Your absolute insistence that being the Head Coach at the University of Miami is akin to being a neurosurgeon is impressive, actually. Have you ever met a football coach? If so, was your hair blown back by his brilliance? While the job is certainly not as simple as "recruit top kids and give them good coaching", it's also nowhere near the level you make it seem on a daily basis here. If Manny fails as the HC, it's not going to because he's so inundated with coaching the defense (HIS defense, which he knows better than anyone on Earth) that the rest of the program will crumble around him. He's paid handsomely to run the program. He can do that while he calls his defense on Saturday.

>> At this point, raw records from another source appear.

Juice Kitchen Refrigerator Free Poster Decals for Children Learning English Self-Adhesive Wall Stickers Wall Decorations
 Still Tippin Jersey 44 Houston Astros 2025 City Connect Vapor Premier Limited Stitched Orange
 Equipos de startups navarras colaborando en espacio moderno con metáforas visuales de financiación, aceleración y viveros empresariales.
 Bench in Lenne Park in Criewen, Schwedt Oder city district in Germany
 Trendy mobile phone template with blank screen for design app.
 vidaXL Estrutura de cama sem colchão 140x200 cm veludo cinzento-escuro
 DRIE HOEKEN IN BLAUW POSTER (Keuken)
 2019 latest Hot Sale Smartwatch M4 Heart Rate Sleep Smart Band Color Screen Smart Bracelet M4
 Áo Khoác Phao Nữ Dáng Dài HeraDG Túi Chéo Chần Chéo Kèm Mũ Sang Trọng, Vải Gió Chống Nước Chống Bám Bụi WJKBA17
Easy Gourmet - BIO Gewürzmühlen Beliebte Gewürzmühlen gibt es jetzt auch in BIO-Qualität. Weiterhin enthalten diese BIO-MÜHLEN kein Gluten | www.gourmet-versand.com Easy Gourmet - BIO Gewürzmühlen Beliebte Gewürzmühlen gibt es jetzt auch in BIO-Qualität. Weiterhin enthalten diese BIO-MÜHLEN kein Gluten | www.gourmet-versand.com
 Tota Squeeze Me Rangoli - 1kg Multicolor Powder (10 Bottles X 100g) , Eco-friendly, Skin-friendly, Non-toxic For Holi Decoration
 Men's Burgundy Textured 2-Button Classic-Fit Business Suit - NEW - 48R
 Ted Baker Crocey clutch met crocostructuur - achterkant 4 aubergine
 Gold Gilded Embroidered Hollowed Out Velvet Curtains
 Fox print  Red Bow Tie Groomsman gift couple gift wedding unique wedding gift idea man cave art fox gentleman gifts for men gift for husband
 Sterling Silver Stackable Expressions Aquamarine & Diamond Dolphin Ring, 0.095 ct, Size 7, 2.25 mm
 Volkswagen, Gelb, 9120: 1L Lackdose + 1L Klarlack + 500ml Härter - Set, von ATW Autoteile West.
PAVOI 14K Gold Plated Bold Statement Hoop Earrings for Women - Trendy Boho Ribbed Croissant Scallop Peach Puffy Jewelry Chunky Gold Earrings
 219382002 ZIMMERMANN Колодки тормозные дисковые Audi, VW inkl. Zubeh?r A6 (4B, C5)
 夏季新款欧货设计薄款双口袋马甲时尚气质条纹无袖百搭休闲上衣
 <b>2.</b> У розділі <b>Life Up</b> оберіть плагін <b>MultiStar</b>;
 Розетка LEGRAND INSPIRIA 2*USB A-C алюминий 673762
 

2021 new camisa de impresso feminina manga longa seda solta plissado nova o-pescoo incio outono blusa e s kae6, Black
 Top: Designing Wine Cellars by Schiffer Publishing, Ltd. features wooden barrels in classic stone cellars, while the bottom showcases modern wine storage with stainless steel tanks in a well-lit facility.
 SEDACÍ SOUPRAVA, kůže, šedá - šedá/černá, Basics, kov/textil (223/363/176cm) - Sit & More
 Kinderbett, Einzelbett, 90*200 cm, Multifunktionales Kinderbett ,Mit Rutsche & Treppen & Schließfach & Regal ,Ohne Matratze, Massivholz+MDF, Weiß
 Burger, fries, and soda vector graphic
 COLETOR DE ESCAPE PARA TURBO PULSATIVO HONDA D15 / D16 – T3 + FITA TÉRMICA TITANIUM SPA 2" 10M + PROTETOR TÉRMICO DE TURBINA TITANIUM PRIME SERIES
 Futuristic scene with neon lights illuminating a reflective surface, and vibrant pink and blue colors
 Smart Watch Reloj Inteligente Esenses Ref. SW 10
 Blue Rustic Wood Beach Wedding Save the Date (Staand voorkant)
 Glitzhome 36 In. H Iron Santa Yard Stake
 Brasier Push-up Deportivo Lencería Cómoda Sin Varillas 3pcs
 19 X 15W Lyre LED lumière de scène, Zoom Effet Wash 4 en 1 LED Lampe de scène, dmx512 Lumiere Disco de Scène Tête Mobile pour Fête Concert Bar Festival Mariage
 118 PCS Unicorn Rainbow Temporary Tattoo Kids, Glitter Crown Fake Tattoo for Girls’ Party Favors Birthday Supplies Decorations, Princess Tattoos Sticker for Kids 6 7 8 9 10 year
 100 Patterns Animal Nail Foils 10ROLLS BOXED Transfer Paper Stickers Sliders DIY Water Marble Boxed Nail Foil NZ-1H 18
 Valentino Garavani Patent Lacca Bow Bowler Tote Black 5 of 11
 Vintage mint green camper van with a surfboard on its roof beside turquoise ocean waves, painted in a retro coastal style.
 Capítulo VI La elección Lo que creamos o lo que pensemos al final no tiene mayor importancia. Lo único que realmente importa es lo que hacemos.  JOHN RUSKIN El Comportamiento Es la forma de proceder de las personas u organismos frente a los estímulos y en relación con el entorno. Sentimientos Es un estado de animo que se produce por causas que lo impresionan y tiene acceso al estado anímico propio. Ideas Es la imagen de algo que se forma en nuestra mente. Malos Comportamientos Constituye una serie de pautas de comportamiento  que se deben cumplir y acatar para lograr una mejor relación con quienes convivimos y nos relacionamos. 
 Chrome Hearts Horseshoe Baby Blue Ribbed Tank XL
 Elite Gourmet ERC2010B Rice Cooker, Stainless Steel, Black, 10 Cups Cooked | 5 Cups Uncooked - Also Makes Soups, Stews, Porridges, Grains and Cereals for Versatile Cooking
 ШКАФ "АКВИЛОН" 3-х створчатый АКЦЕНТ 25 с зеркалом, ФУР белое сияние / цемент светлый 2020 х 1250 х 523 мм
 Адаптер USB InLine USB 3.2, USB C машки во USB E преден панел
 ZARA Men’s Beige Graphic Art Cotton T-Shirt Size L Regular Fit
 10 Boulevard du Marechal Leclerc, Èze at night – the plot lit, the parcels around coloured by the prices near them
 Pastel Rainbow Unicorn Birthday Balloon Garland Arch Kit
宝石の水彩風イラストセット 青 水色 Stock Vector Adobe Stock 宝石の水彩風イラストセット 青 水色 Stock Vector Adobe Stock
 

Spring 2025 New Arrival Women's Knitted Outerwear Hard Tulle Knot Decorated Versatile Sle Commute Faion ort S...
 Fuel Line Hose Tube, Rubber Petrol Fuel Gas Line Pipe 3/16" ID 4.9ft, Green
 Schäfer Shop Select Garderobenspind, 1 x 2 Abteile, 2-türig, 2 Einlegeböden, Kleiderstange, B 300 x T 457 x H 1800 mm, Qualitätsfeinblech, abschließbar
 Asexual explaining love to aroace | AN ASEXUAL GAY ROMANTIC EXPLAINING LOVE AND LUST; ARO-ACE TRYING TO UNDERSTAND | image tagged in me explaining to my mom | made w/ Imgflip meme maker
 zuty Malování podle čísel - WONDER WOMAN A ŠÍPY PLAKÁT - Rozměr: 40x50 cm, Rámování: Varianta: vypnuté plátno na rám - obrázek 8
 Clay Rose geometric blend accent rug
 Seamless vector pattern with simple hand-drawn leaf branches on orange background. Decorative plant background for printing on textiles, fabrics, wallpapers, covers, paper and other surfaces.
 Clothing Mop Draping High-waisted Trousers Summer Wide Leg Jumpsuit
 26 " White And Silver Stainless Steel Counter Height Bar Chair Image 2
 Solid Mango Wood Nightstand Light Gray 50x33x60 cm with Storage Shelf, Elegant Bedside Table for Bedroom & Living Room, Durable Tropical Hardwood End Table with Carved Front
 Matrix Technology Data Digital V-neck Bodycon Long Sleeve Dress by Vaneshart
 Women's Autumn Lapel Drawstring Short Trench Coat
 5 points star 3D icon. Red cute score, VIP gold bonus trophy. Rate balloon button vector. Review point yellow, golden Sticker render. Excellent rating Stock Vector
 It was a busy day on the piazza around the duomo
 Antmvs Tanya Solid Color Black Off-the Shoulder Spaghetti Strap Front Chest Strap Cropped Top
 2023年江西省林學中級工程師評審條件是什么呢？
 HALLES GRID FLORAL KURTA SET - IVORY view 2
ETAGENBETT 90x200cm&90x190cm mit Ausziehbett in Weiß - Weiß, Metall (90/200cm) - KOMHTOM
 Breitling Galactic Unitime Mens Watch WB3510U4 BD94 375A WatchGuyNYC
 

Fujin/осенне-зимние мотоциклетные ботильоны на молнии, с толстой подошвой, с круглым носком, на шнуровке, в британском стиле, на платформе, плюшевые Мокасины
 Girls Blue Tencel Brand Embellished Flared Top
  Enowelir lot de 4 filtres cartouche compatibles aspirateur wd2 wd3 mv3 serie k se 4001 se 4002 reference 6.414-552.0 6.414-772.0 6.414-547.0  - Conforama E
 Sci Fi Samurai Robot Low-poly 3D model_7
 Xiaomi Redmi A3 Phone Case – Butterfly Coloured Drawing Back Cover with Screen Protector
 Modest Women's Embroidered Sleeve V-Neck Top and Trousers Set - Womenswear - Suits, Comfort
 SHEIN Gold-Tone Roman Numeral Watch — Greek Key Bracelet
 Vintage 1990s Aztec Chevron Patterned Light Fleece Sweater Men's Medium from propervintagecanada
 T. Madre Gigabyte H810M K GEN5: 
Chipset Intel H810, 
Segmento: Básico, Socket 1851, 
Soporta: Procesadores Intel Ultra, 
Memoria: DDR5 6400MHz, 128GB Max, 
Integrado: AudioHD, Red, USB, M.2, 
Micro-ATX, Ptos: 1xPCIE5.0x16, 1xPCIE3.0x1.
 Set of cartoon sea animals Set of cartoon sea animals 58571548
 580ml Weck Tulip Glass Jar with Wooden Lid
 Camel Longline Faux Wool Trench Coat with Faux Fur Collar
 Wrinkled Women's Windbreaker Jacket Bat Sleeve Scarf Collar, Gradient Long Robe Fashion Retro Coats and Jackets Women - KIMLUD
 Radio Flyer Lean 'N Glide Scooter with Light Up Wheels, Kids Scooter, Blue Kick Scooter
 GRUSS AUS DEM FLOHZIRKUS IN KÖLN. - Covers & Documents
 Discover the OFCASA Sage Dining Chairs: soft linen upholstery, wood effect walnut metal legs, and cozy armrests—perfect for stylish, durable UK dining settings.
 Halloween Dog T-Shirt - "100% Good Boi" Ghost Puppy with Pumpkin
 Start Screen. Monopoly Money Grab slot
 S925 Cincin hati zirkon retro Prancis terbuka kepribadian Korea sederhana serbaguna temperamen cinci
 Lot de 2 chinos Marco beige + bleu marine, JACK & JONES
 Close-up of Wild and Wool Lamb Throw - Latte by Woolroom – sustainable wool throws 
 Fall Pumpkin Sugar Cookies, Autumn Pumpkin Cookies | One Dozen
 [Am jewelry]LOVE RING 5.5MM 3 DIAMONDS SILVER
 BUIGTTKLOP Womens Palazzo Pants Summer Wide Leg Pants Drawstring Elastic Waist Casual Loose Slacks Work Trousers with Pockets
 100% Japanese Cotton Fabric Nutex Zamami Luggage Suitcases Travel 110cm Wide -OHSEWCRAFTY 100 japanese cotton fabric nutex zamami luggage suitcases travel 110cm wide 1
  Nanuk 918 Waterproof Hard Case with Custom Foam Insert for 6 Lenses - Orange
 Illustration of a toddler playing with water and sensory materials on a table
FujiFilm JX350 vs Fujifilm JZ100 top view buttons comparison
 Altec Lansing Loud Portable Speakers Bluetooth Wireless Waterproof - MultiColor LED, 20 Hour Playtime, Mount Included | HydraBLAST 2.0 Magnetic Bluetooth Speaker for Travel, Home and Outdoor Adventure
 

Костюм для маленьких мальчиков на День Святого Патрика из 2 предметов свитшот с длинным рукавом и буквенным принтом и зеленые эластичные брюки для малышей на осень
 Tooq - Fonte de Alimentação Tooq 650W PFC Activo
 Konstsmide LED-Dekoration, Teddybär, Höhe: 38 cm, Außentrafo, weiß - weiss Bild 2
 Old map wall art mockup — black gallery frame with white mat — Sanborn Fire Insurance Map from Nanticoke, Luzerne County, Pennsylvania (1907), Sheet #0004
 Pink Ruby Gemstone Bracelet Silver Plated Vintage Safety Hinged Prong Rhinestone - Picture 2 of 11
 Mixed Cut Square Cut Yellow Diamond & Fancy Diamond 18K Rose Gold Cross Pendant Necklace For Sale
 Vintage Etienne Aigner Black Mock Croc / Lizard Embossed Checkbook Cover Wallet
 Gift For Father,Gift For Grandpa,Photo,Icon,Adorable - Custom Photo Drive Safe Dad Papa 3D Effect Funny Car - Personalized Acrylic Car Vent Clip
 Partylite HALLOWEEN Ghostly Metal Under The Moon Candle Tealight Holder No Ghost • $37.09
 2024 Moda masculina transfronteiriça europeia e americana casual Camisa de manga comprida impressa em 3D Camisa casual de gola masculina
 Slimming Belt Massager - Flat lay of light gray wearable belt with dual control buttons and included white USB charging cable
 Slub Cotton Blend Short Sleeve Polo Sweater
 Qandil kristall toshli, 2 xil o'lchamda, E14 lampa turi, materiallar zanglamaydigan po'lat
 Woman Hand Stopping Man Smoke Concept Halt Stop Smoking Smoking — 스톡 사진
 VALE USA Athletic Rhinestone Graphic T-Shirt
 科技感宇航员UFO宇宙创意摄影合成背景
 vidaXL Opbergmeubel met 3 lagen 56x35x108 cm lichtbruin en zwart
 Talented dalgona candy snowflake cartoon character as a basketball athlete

You sound pretty condescending to coaches. I haven't said anything about neurosurgery. Major football programs are complex organizations. They're akin to medium sized businesses and generate scores of millions in revenues. That most football coaches can't run them isn't a new observation. Hopefully our goal isn't to be middle of the pack. Getting Miami to nationally relevant was improbable and happened because of some great people who came through here. Then too many around the program, apparently you included, decided that coaching football at Miami was easy. And since that belief replicated around the U, the school has failed consistently.

And your pay comment makes no sense. Doesn't matter if he makes $500,000 or $5,000,000 - there are only so many hours in the day. More pay doesn't make his job easier. I don't think being HC of Miami is such an easy job that you can pop in and be DC on game days, or that being DC is so easy that you don't have to spend a lot of time during the week preparing for games. I suspect Manny will focus on the D and we'll see problems elsewhere. But hope I'm wrong, he's now a genius, and we win the ACC!
 
Keep in mind, being OC and HC was a key failure point for Richt. I don't really know enough about how some of the other HCs around the country make the HC/OC thing work. I may go try to learn about it. One supposition is their organizations are light years ahead of UM's from a support perspective.
But old Richt was a bad OC and his son was a bad QB coach. Manny was a good DC a couple years ago. Doesn't mean it will work, but different situations.

The aspirational goal would be Gary Patterson at TCU. He calls defensive plays, he doesn't have blue-blood infrastructure and he's made it work.